Fateme Moghbeli1; Tina Adel2; Mostafa Langarizadeh3*; Mitra Hakim Shoushtari4

1. PhD of Medical Informatics, Iran University of Medical Sciences, Tehran, Iran., 2. School of Health Management and Information Sciences, Iran University of Medical Sciences, Tehran, Iran., 3. Assistant Professor, Department of Health information Management, School of Health Management and Information Sciences, Iran University of Medical Sciences, Tehran, Iran , 4. Associate Professor, Department of Psychiatry, Mental Health Research Center, Tehran Institute of Psychiatry, Faculty of Behavioral Sciences and Mental Health, Iran University of Medical Sciences, Tehran, Iran.

Correspondence: *. Corresponding author: Mostafa Langarizadeh, Assistant Professor, Department of Health information Management, School of Health Management and Information Sciences, Iran University of Medical Sciences, Tehran, Iran. Email: Langarizadeh.m@iums.ac.ir

Abstract

Introduction:

The personal health record of patient with autism has not been adequately addressed. While, these records play an important role to provide a good perspective on how to diagnose autism, negotiating, coordinating and designing services and interventions by families and physicians during delivery of multiple services.
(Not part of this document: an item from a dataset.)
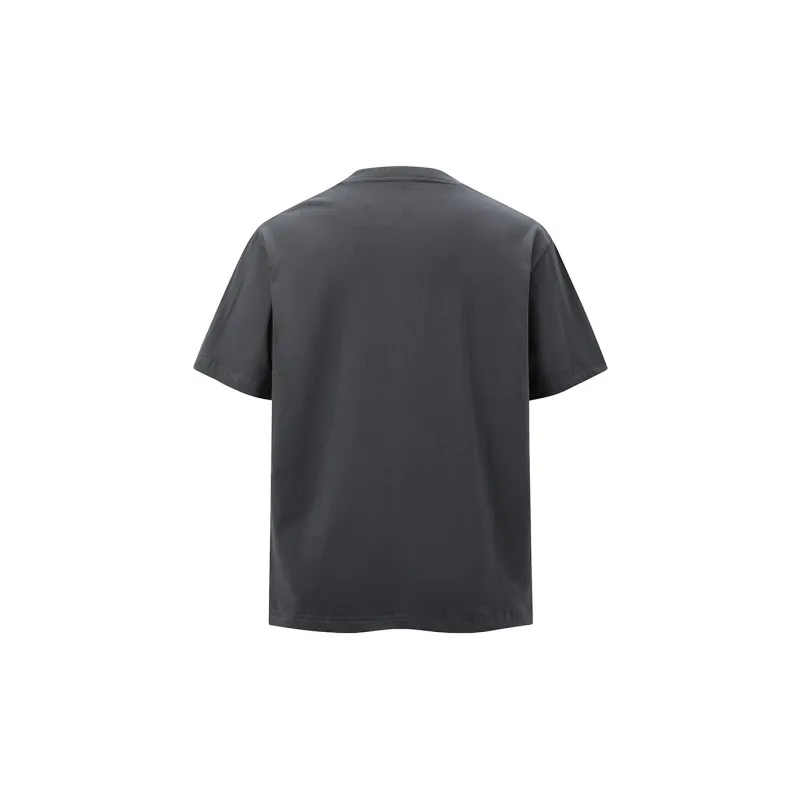 AI3 T Shirts Unisex-11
The present study is aimed to present a conceptual model of electronic personal health record for patients with autism.

Material and Methods:

This study was conducted on six psychiatric practitioners and six pediatricians from Rasoul Akram Hospital and Ali Asghar Hospital with purposeful sampling. A questionnaire has been used for data gathering and identifying information needs. The content validity was measured using expert panel method and test-retest method (r=0.79) was used to perform the reliability. Data analysis was done using descriptive statistics with SPSS version 23 software. In the design phase, graphs were plotted using Visio software.

Results:

According to the findings, the most important data elements of the conceptual model of the personal health record for patients with autism from the viewpoint of physicians are divided into demographic data segments, clinical data and individual function level (based on valid clinical scales) such as general clinical measure (by the physician, types of interventions, prenatal or near-births, registration of symptoms of parental impairment, examination of the course and prognosis based on the Gylliam Autism Rating Scale every six months by a psychologist and other psychiatric diagnoses.

Conclusion:

Since autism patients’ long life clinical information plays an important role in diagnosis and management of patients' clinical problems, the conceptual model of personal health record for patients with autism could have a significant effect in managing and integrating patient clinical information, increasing the quality of care, and reducing the cost.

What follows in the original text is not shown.